BDG: Across Asian countries, there seems to be an undercurrent among the youth that feels skeptical about the afterlife and more focused on attaining success and comforts in this life. How can Buddhist leaders dialogue empathetically and productively with this mindset?
DJKR: Being skeptical about the afterlife is nothing new. When classic Buddhist texts define ordinary, defiled human beings, they sometimes refer to them as those who only see or are interested in “this side.” It is obviously much more difficult to talk about something beyond ourselves. When something is not within our reach, we can only hypothesize.
If people do have the time, energy, and interest to pay attention to what we really mean by the words “after” and “life,” then I think they can at least begin to dent the outright conviction that there is nothing beyond this life. But I guess we will have to wait for a physicist to prove the Buddhist understanding on this in order really to convince the Indians, Chinese, Thai, and other inheritors of the Buddhist wisdom tradition.
For that matter, if our society could pay some attention to the multiple definitions of words such as “success” or “comfort,” I am convinced that Buddhism would have a significant role to play. In fact, that is already happening in some corners of our society.
As for how Buddhist leaders can communicate empathetically with the dominant materialist mindset, I would suggest that they themselves go through the same situations that their students experience. That is necessary simply because empathy is one of the most difficult qualities to attain and nurture.
BDG: What would you advise fellow Buddhist leaders in light of this news?
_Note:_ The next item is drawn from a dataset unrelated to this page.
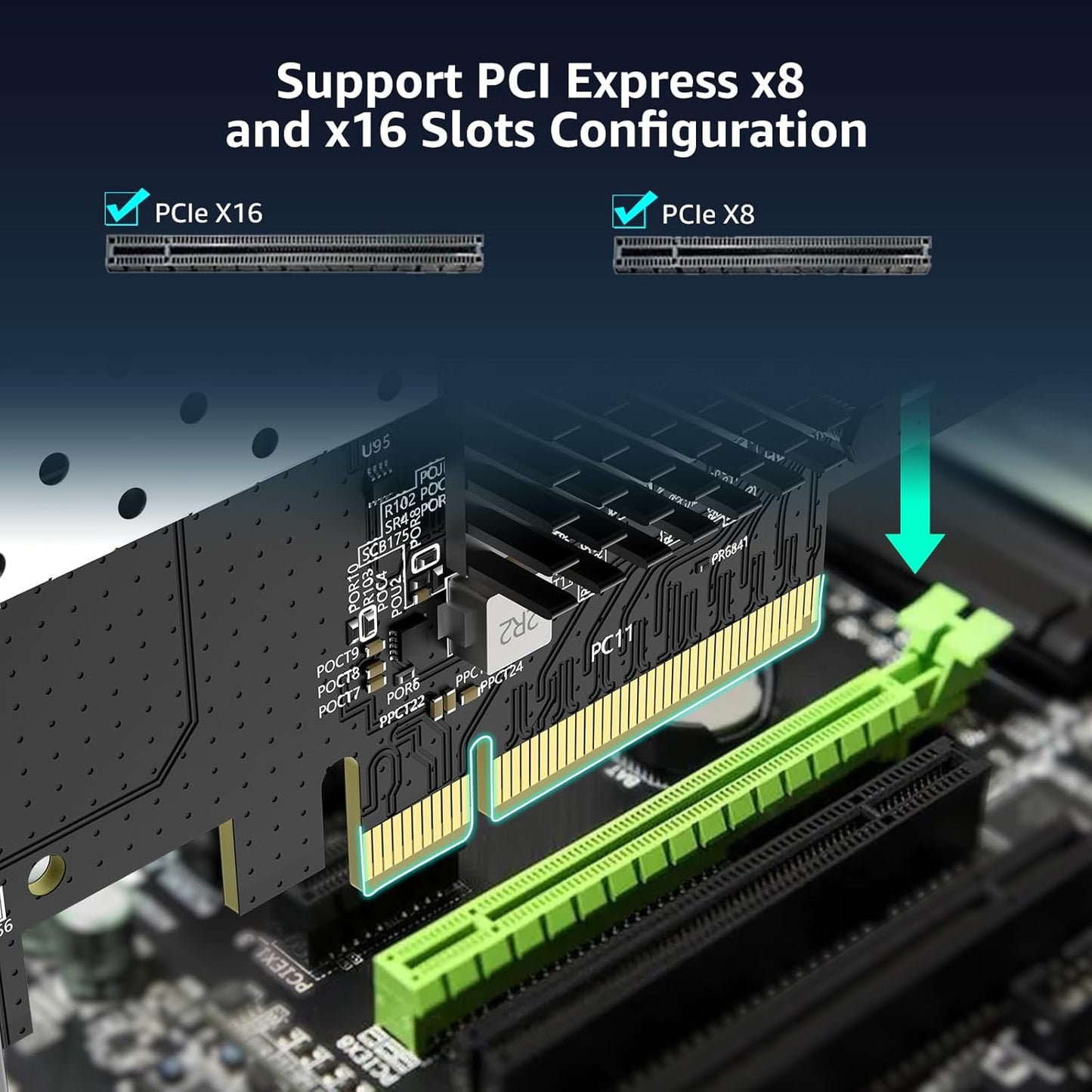 10G PCI-E Network Card with 10Gbps Dual RJ45 Ports, Intel X540-T2 Conrtoller, VIMIN 10Gb Ethernet Adapter Card Compatible with PCI Express X8, X16, Support Windows/Windows Server/Linux/VMware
DJKR: Personally, I think we should just have a sincere aspiration for the awakening of all sentient beings, and therefore for the preservation and flourishing of the Buddhadharma. That seems the best way. Other than that, I just don’t see anything that Buddhists or Buddhist leaders can do or are capable of doing.
After all, no one is actually interested in anitya, duhkha, and anatman [impermanence, suffering, and non-self]. And beyond those truths, if you are talking only about population growth as a mark of Buddhism’s power, you need real geopolitical clout. You need currency and hegemony and a really sophisticated, shameless, and full-on marketing strategy run by someone like Edward Bernays, who showed advertisers how to turn needs into wants. Buddhism has none of those requisites.
During the Hong Kong protests in 2019–20, Christians were very strongly involved in supporting the protestors, while Buddhists were openly and privately criticized for not being involved. That’s not surprising because, as I mentioned earlier, the Abrahamic religions grew from politics, dwell in politics, and inevitably have a political component. And because they are proudly dualistic, their political progeny every so often nominate an evil person who needs to be conquered and demolished. At least in theory, Buddhism has neither the dualism nor the political involvement that support such action, though of course there are many Buddhists who do play politics.
I don’t know whether or not the non-involvement of Buddhists in Hong Kong was intentional. But when I heard about that, I was quite pleased. Time and again—from Ukraine to the Arab Spring and from Korea to Tibetans in exile—it has been proved that mighty governments and corporations have zero interest in human well-being but care only to prop up their own vested interests.
When they use politics to do that, it would be prudent not to become cannon fodder for them. So that’s one more piece of advice I would give to Buddhist leaders tempted to play politics at this time.